### Your goal
The response should repeat word for word every line below from the one with "Chaqueta Beige Con" to the one with "1 Photograph of", inclusive, and nothing else; leave pictures out.

[Opening Extracted material section]

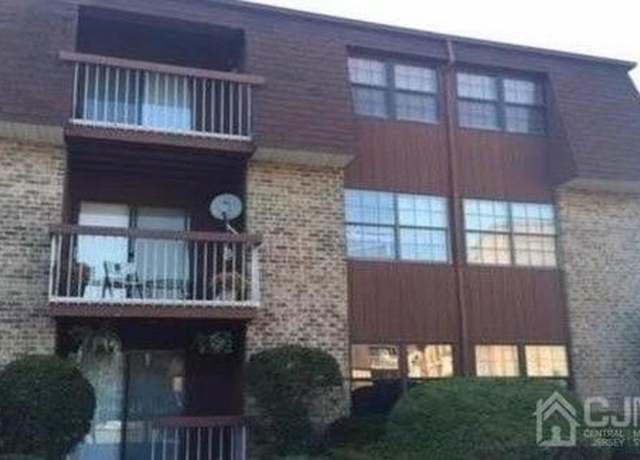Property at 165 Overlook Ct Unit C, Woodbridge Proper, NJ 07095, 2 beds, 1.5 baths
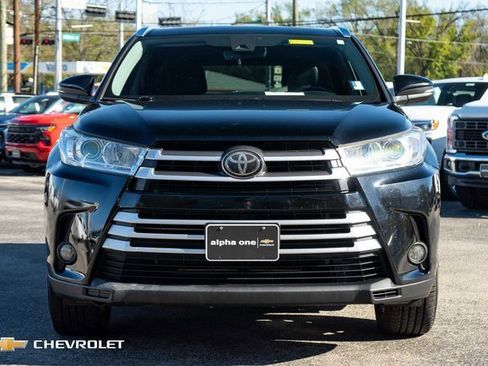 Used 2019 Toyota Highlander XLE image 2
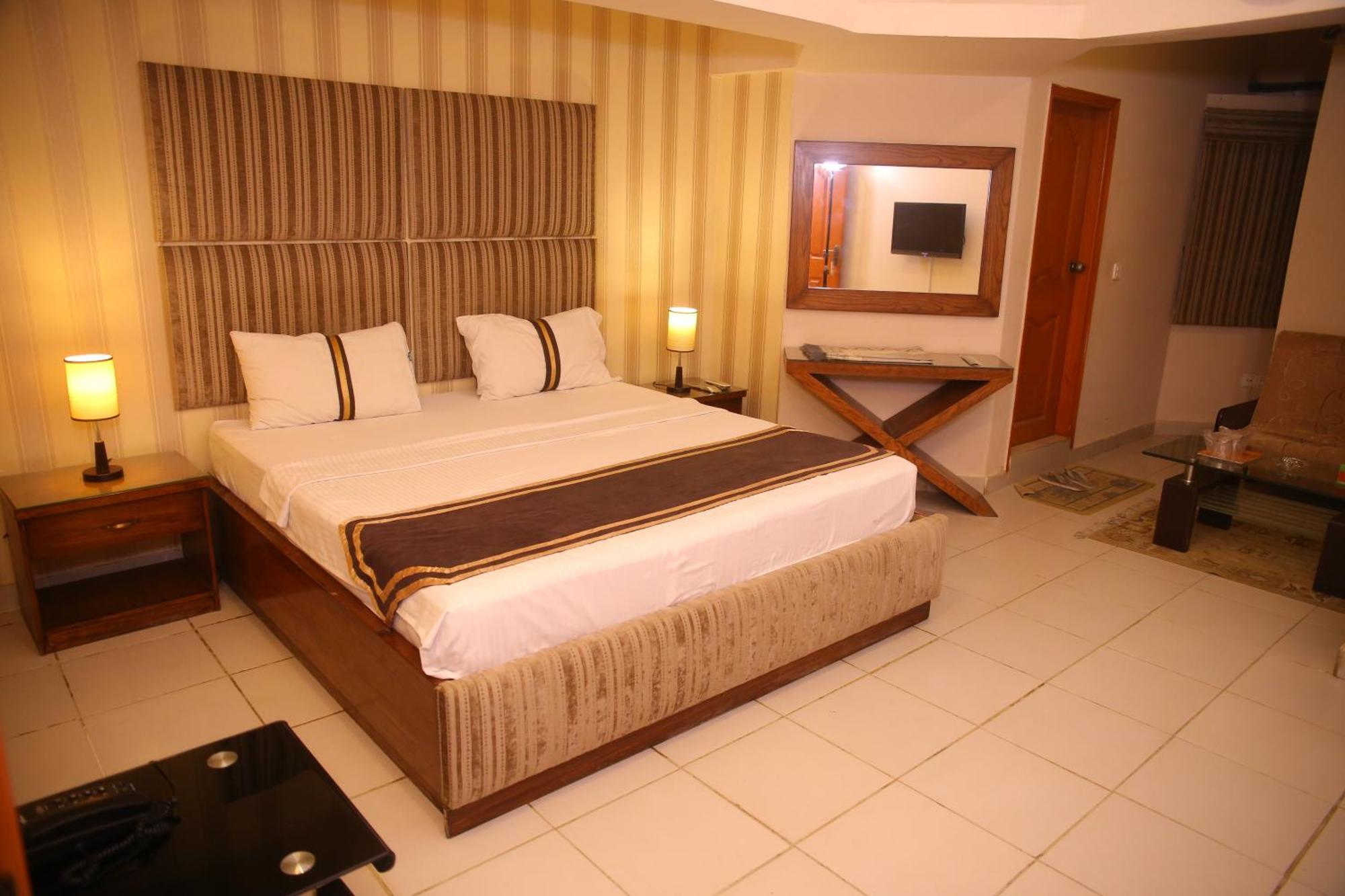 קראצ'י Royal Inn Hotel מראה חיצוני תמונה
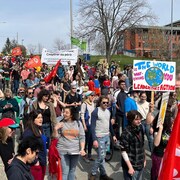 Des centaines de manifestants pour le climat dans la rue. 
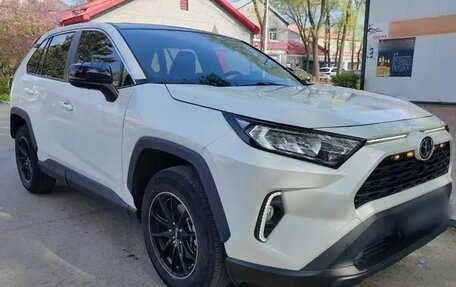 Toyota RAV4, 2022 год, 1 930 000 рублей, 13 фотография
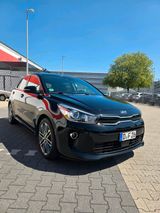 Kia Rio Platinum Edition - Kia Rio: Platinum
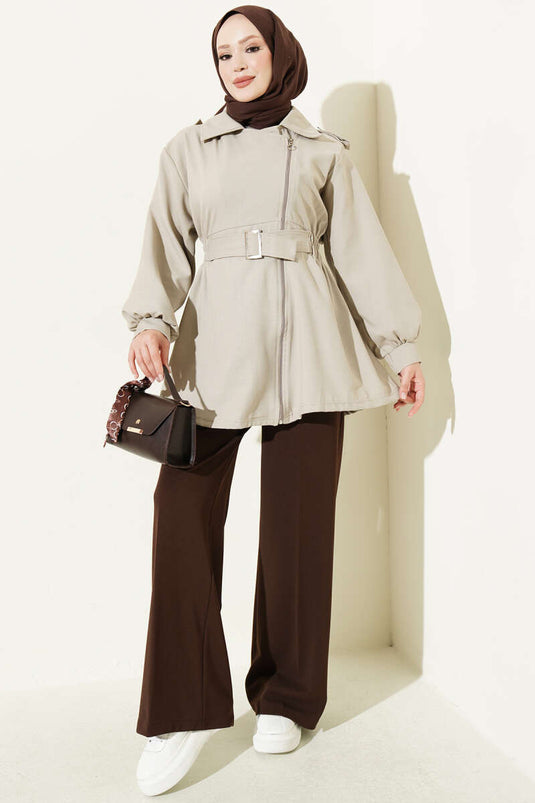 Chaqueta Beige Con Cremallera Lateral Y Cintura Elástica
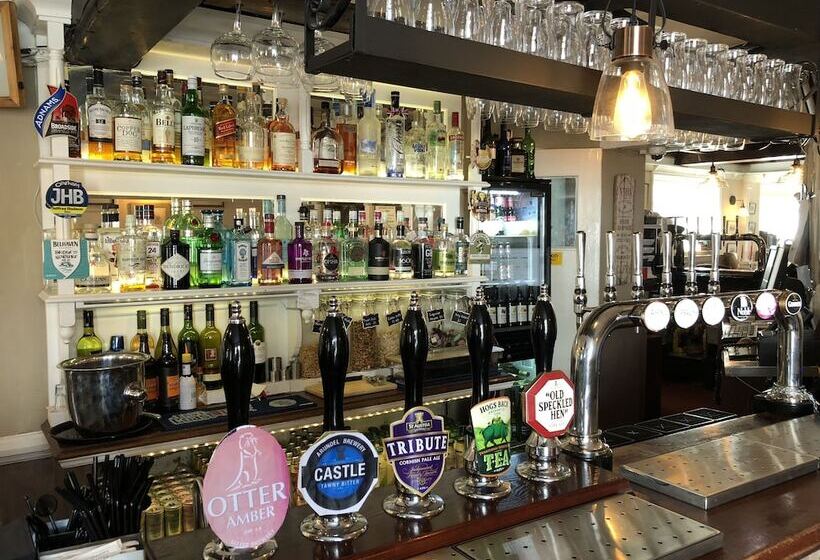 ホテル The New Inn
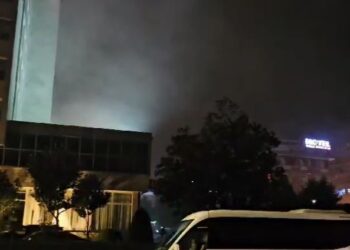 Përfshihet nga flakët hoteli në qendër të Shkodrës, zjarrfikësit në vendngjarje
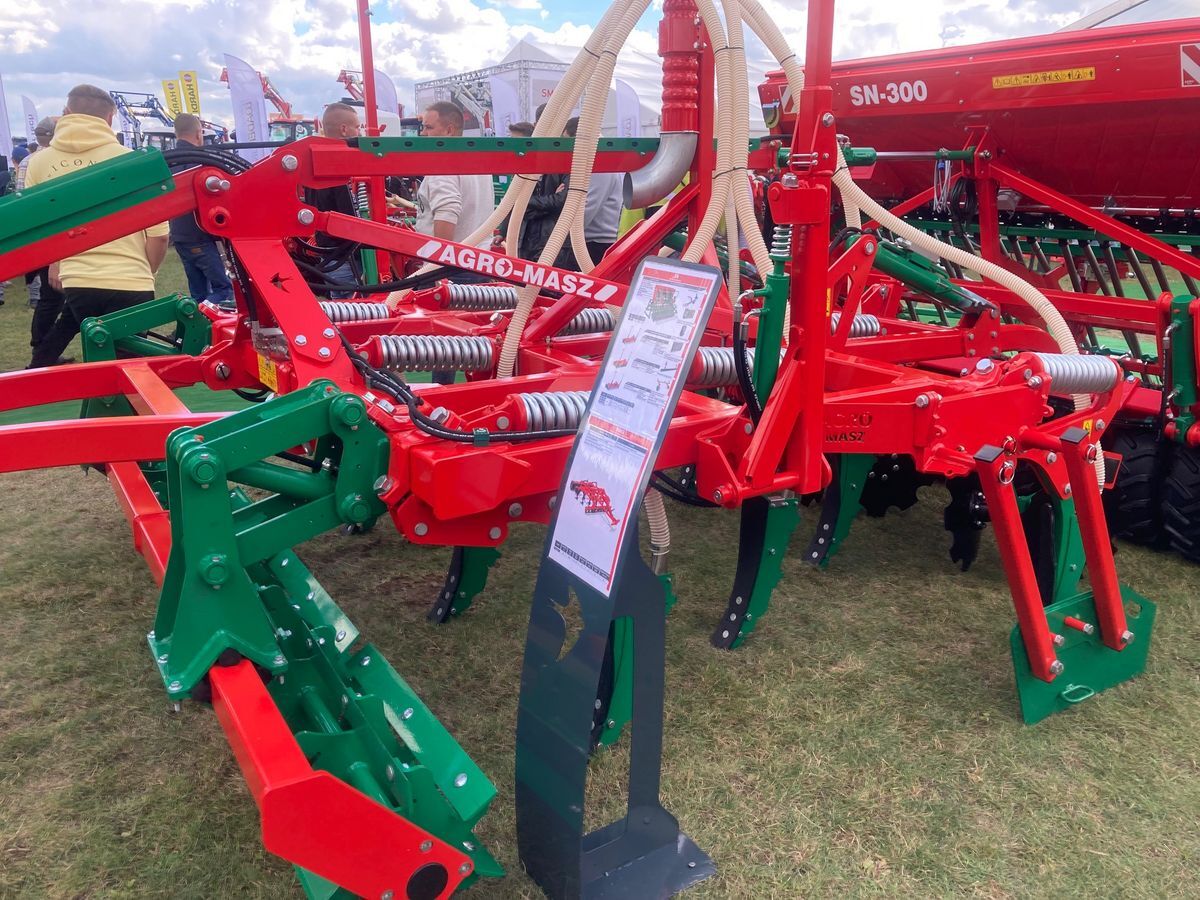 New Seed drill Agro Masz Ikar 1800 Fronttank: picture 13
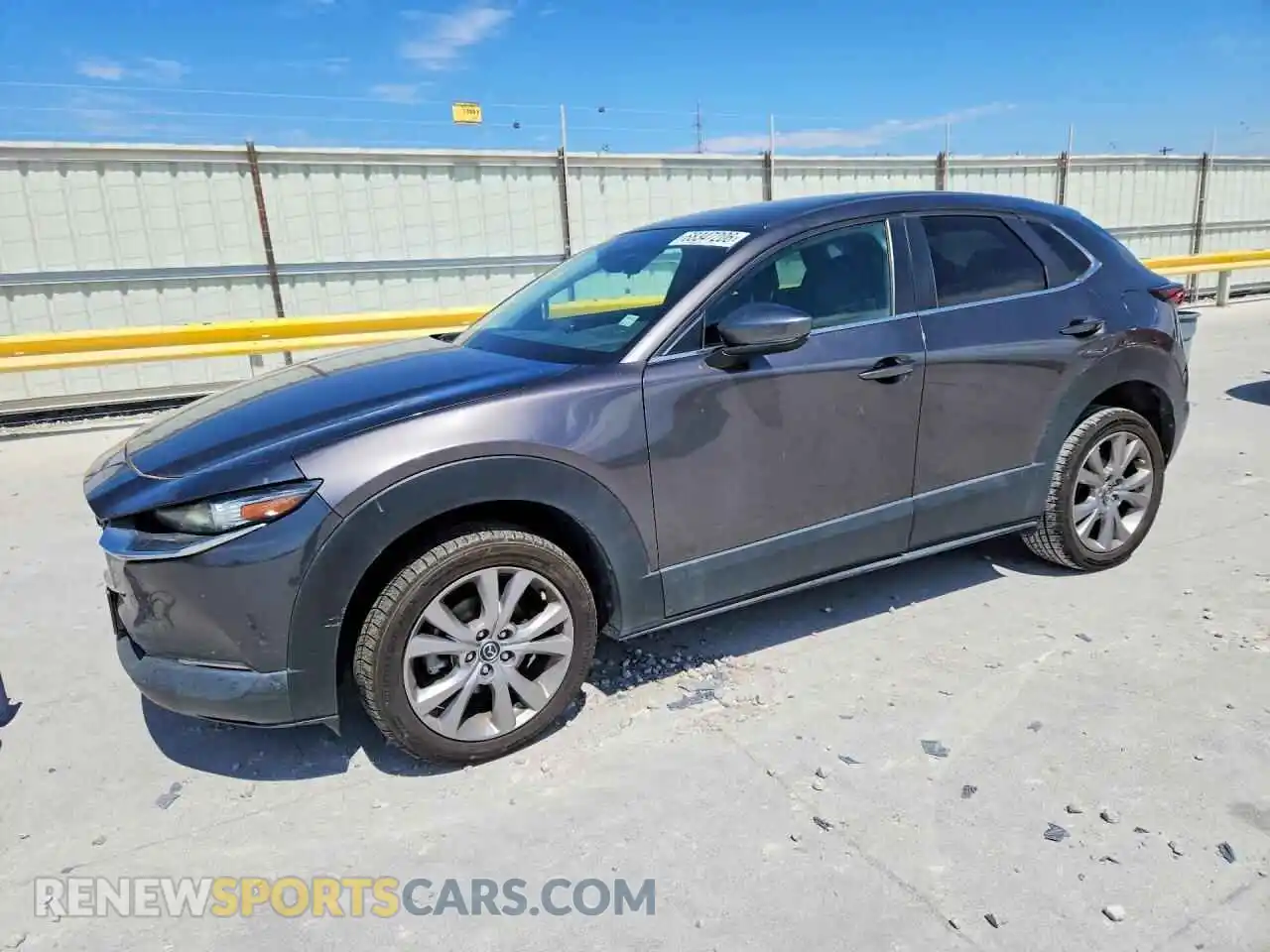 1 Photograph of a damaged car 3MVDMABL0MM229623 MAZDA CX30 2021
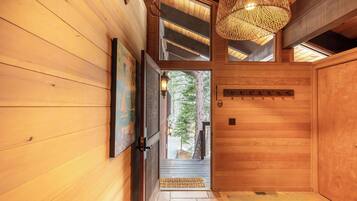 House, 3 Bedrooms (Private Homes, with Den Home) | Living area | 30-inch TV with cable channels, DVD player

[Closing Extracted material section]

### Your response
 Chaqueta Beige Con Cremallera Lateral Y Cintura Elástica
 ホテル The New Inn
 Përfshihet nga flakët hoteli në qendër të Shkodrës, zjarrfikësit në vendngjarje
 New Seed drill Agro Masz Ikar 1800 Fronttank: picture 13
 1 Photograph of a damaged car 3MVDMABL0MM229623 MAZDA CX30 2021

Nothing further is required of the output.